Fanny Lacroix, maire de Châtel-en-Trièves, en 2021. (Pablo Chignard/Libération)
Publié le 18/11/2025 à 6h35

Maire de Châtel-en-Trièves, en Isère, depuis 2020, et vice-présidente de l’Association des maires ruraux de France, Fanny Lacroix, dont le parcours a inspiré le film de Mélanie Auffret, les Petites Victoires, vient de publier un livre : Au fil du village (Utopia). Mère solo, la jeune quadra, urbaniste de formation, qui a rejoint Place publique en 2024, y retrace son itinéraire de Paris aux Alpes, et sa découverte de la politique locale, qui gagnerait selon elle à se féminiser.
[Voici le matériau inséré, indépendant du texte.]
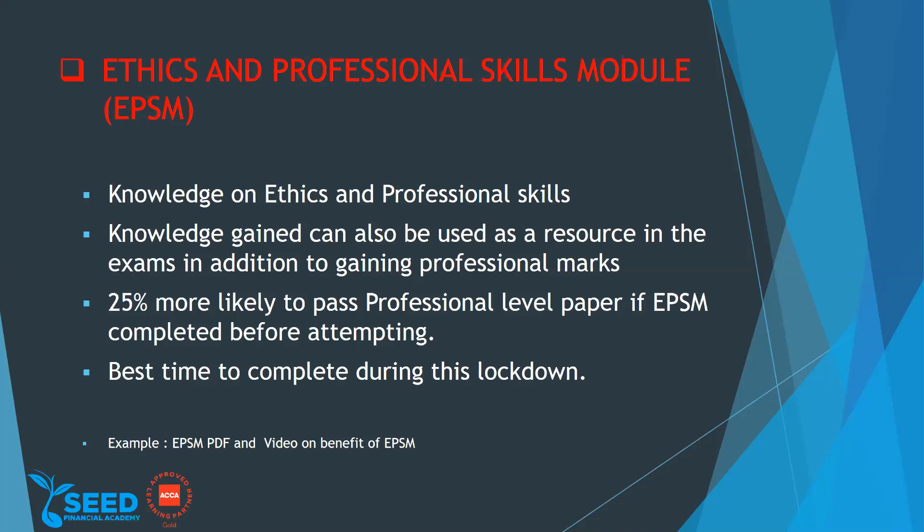You should complete your ethics and professional skills module before you study your professional level exams. The knowledge you gain from this ethics and professional skills module will help you at the strategic professional level. Anyone who takes this ethics and professional skills module before taking their strategic professional level exams is 25 percent more likely to pass.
«Devenir maire, je n’avais pas prévu le coup, ça s’est imposé, comme une évidence. Je suis arrivée un peu par hasard en 2014 à Châtel-en-Trièves, j’ai suivi mon ex-mari qui reprenait une exploitation agricole. J’ai d’abord été secrétaire de mairie. Avec l’ancien maire, on a fait des choses extra, on a lutté contre la désertification rurale, sauvé l’école, recréé de la centralité avec des services, avec les citoyens à la manœuvre. J’ai été impressionnée par la dynamique villageoise, je me suis fait embarquer, un jour le maire m’a dit “je vais pas repartir, c’est ton tour”. Ça a changé ma vie.